When the Courts will grant relief from sanctions for late costs budgets

In Mott & Anor v Long & Anor [2017] EWHC 2130 (TCC), the defendants applied for permission to be able to rely on their costs budget, which was filed some 10 days late (an earlier costs budget was not filed due to IT problems, although the defendants’ solicitors thought it had been filed). HHJ Grant held (applying the principles laid down in Denton v TH White Ltd [2014] EWCA Civ 906) that the delay here was serious or significant, in part because “lateness in serving a cost budget has the capacity to prejudice the very process of cooperation in the cost budgeting process which the rules are designed to achieve” (paragraph 21). Furthermore, although IT failures can amount to a good reason, the defendants had not established a good reason on the evidence, no witness statement from someone in the solicitors’ IT department having been produced.

However, the judge was prepared to grant relief taking into account all the circumstances in the case. The costs budget had now been served (some nine days before the CMC) and, importantly, there was a significant difference between the figures in the costs budgets for the claimants and the defendants. That was because of a difference in approach between the parties, e.g. the claimants wanted to adduce expert evidence from two categories of expert, the defendants from only one. It was possible that the parties might not have been able to agree these matters and so would have had to make oral submissions at the CMC (with a revised costs budget likely to then be ordered): “In those circumstances, the process of cost budgeting would not have been completed today in any event… The fact that the parties are now in precisely the same procedural position in which they would have been so far as the process of cost budgeting is concerned, had the defendants served their cost budget in time, is a highly significant circumstance in the case, and one to which the court should have proper regard” (paragraph 35).

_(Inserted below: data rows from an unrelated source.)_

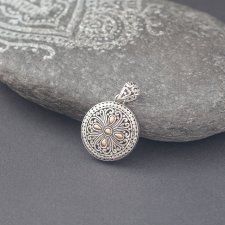 Srebrny wisiorek ze złotem 18K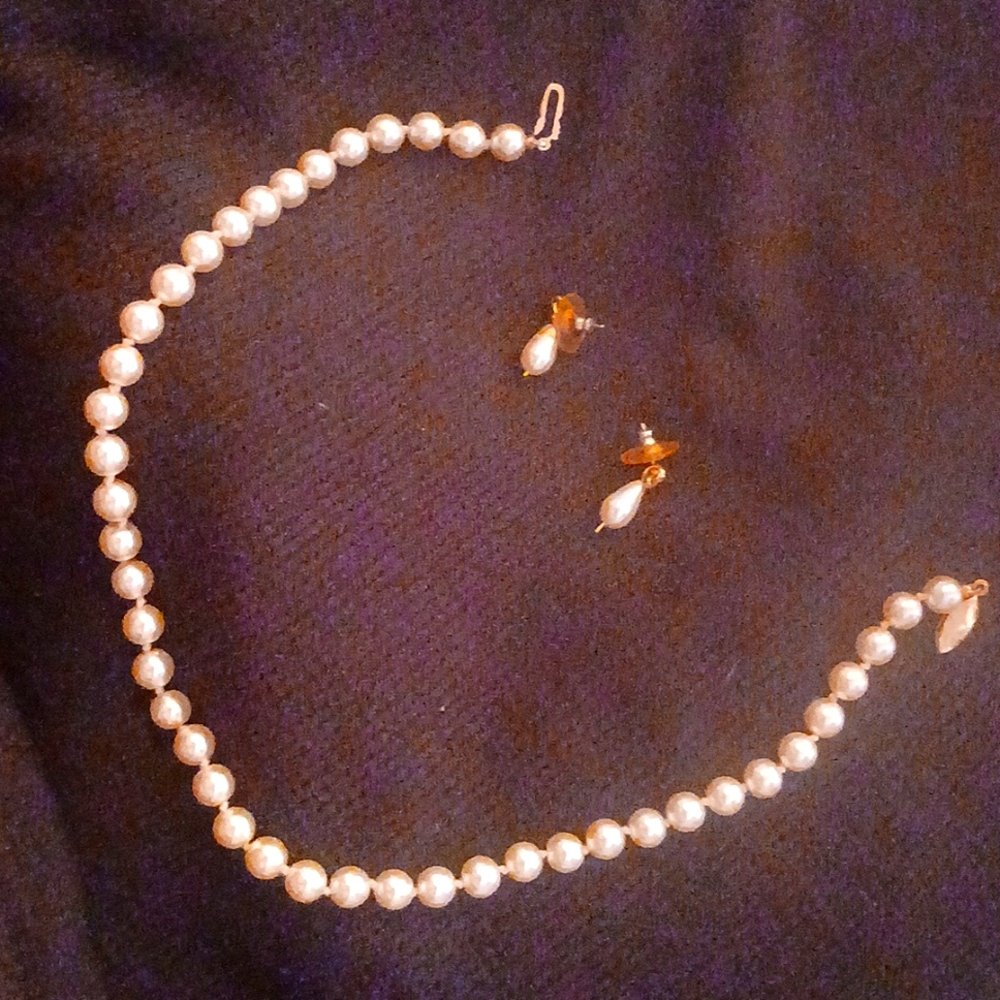Akoya pearl necklace and earrings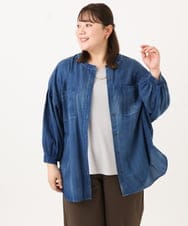 OLBID51149 eur3(エウルキューブ) 【大きいサイズ】ノーカラーシア―デニムシャツ ネイビー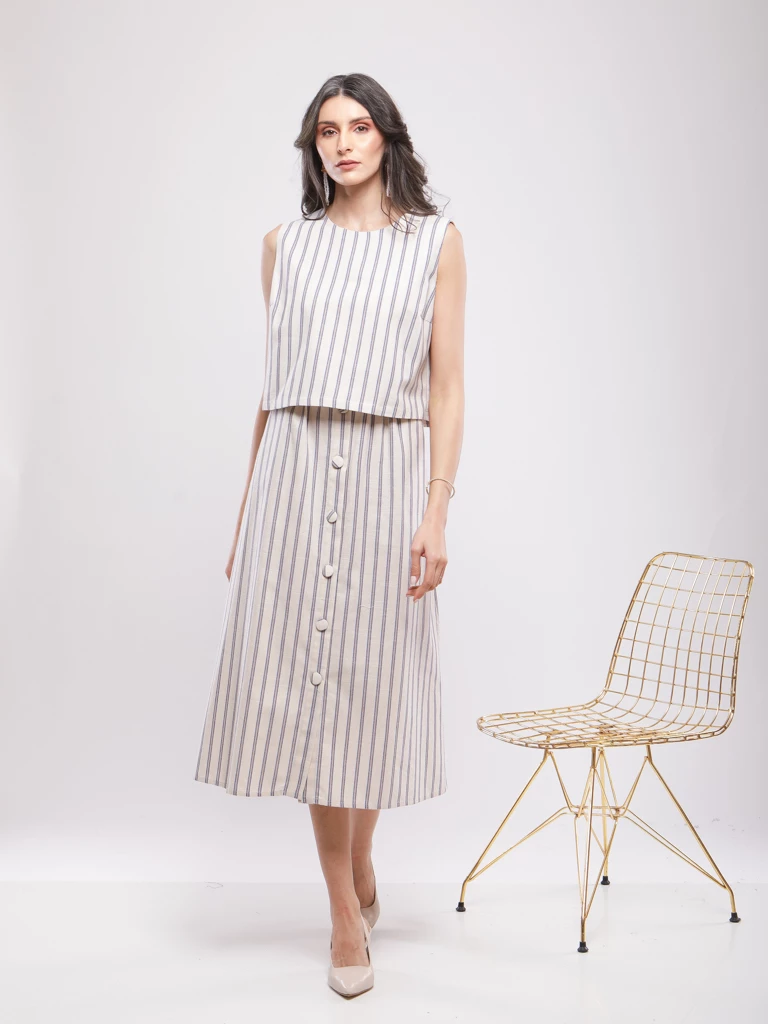 ENSEMBLE CROP TOP ET JUPE MIDI BOUTONNÉE EN LIN VISCOSE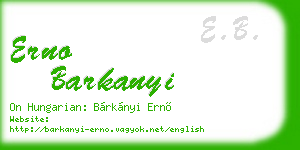 erno barkanyi business card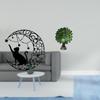 Elegant Black Cat And Peacock Metal Wall Art Sculpture for Bedroom Office Living Room Bookshelf Home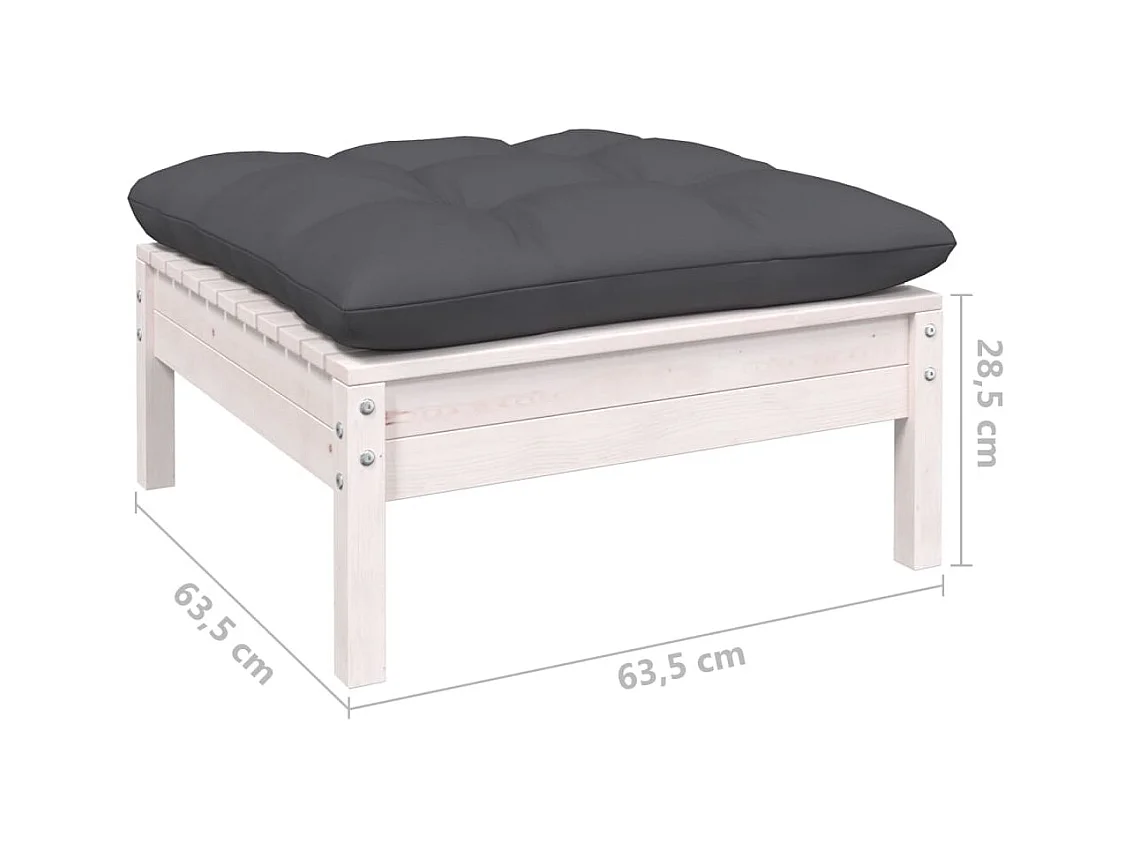 Salon de jardin 10 pcs avec coussins blanc bois de pin massif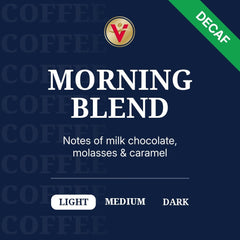 Victor Allen's Decaf Morning Blend box shows convenient 42-count packaging
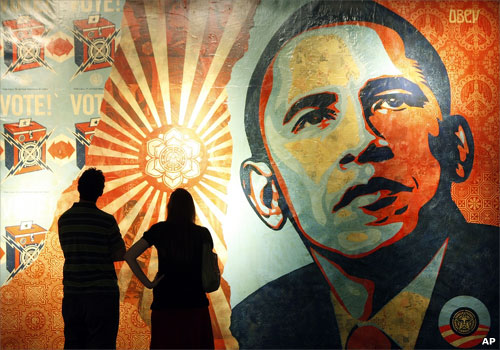 Mural of President Obama by artist Shepard Fairey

By contrast, in Lakhani & Anor v Mahmud & Ors [2017] EWHC 1713 (ch), it was found that a district judge did not err in refusing relief from sanctions where costs budget were filed a day late. The automatic consequence for the defendants filing a late cost budget under the rules is that they cannot recover any more than court costs if they win, unless relief from sanctions is permitted. The district judge refused to grant relief and so the defendants appealed. That appeal was dismissed. The defendants argued that the breach had not been serious because the parties had still been able to engage in debate about the costs estimates and there was little dispute about the defendants’ costs (which were estimated to be about half of the claimants’ budget).

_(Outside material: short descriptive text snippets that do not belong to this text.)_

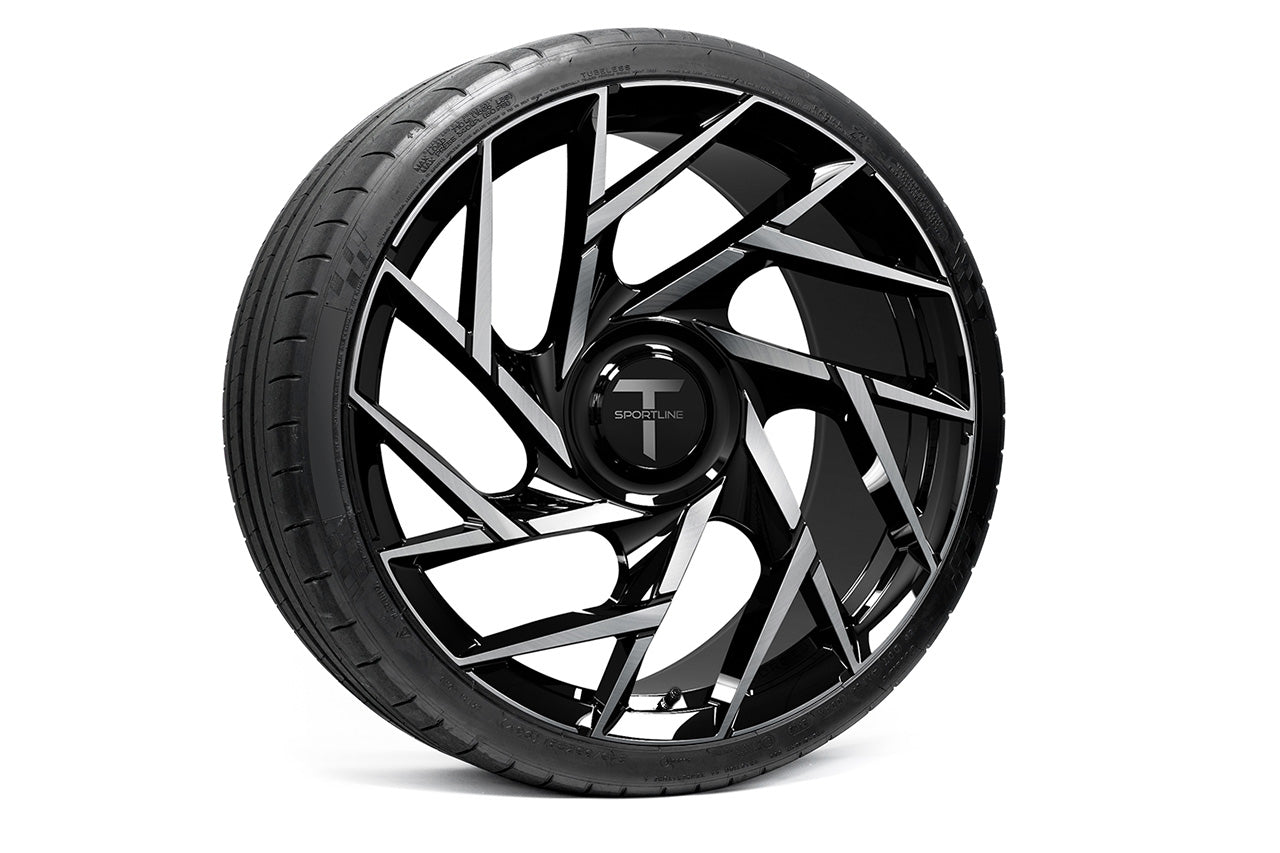 TS117D 21" Superwide Tesla Model S Plaid & Long Range Fully Forged Lightweight Tesla Wheels and Tire Packages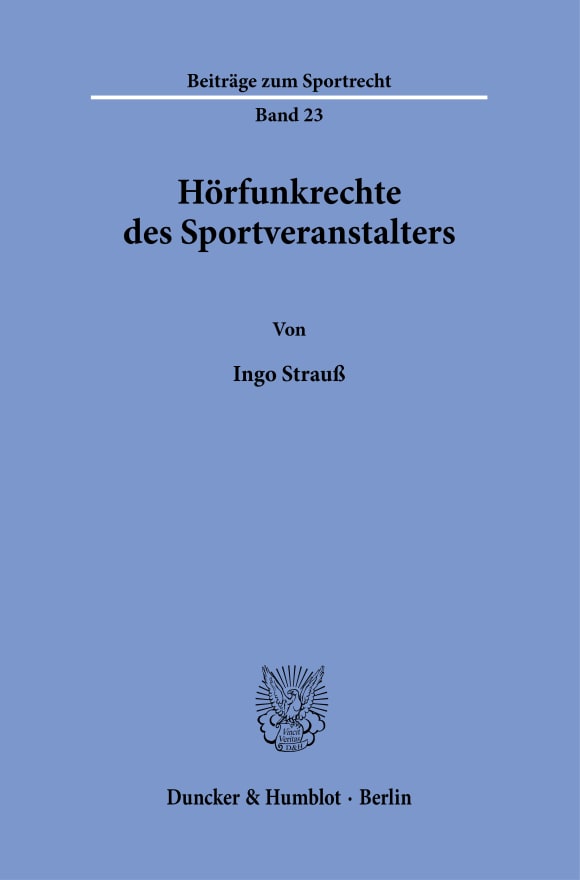 Cover Hörfunkrechte des Sportveranstalters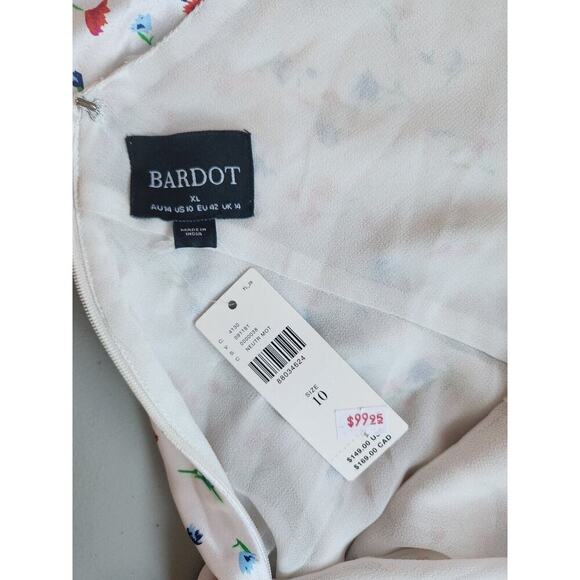 NWD Anthropologie Bardot Olea Sleeveless Ruffle Midi Dress Size 10 White #8H413 - Picture 8 of 12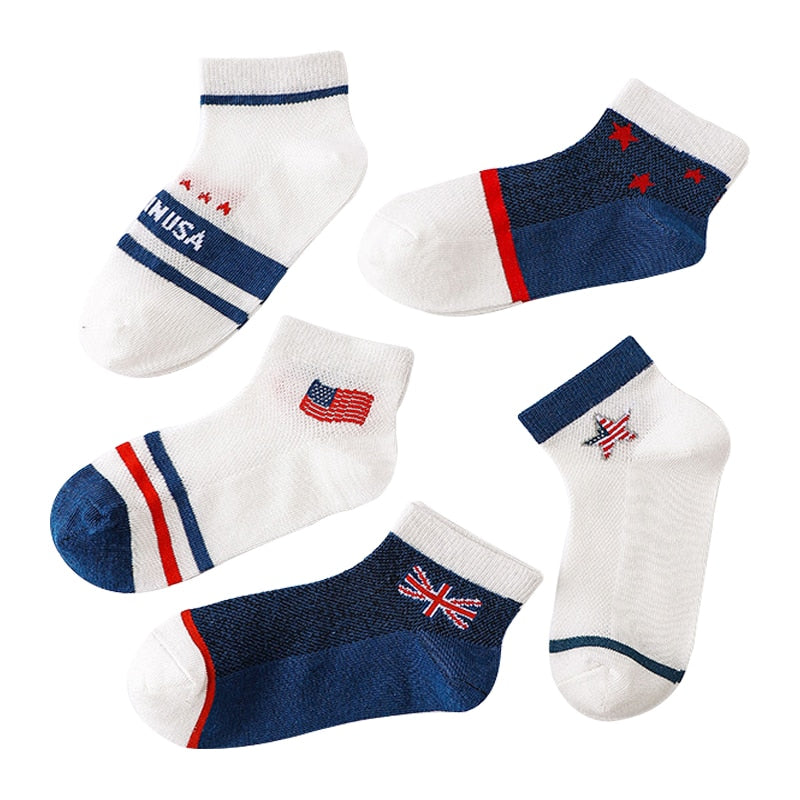 5 Pairs/Lot Children Cotton Socks Boy Girl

It was held that the district judge had not erred in finding that the breach was serious (the appeal from that decision was a review, and not a rehearing, by the appeal court). Whilst the actual impact on the ability to perform a task required by an order is very important, the authorities do not suggest that it is the overriding factor: “In my judgment, in evaluating the seriousness of breach, a court is entitled to consider the risk of difficulty that the failure to meet a deadline has created even if, in the event, it has been possible to perform the task required, notwithstanding the breach. That is particularly legitimate in the case of orders whose performance requires a degree of co-operation because, in such cases, even though it may be possible for the non-defaulting party still to do what is required as well, it may make it more inconvenient and costly, since extra time may need to be made available. That may be all the more so, if the number of effective working days to complete a co-operative task is limited, thereby reducing flexibility” (paragraph 37).

The judge was also entitled to take into account the distraction caused by a debate between the solicitors as to whether the time limit had been breached: “if a party in breach takes rapid and reasonable steps to minimise the impact of any default on the opposite party and the court, the court may conclude that a minor breach has been kept minor … leading to it being treated as less serious” (paragraph 45).

Nor had there been any reasonable excuse for the default. The defendants’ solicitors had miscalculated the time for filing the costs budget and: “while it is true that some judges may have taken a more charitable view as to the calculation of time and whether days had to be clear or not, I am unable to say that the judge’s evaluation was clearly wrong in this case” (paragraph 55). Although an error by a legal representative can provide support for the grant of relief against sanctions, this factor did not have to be treated as of significance in this case.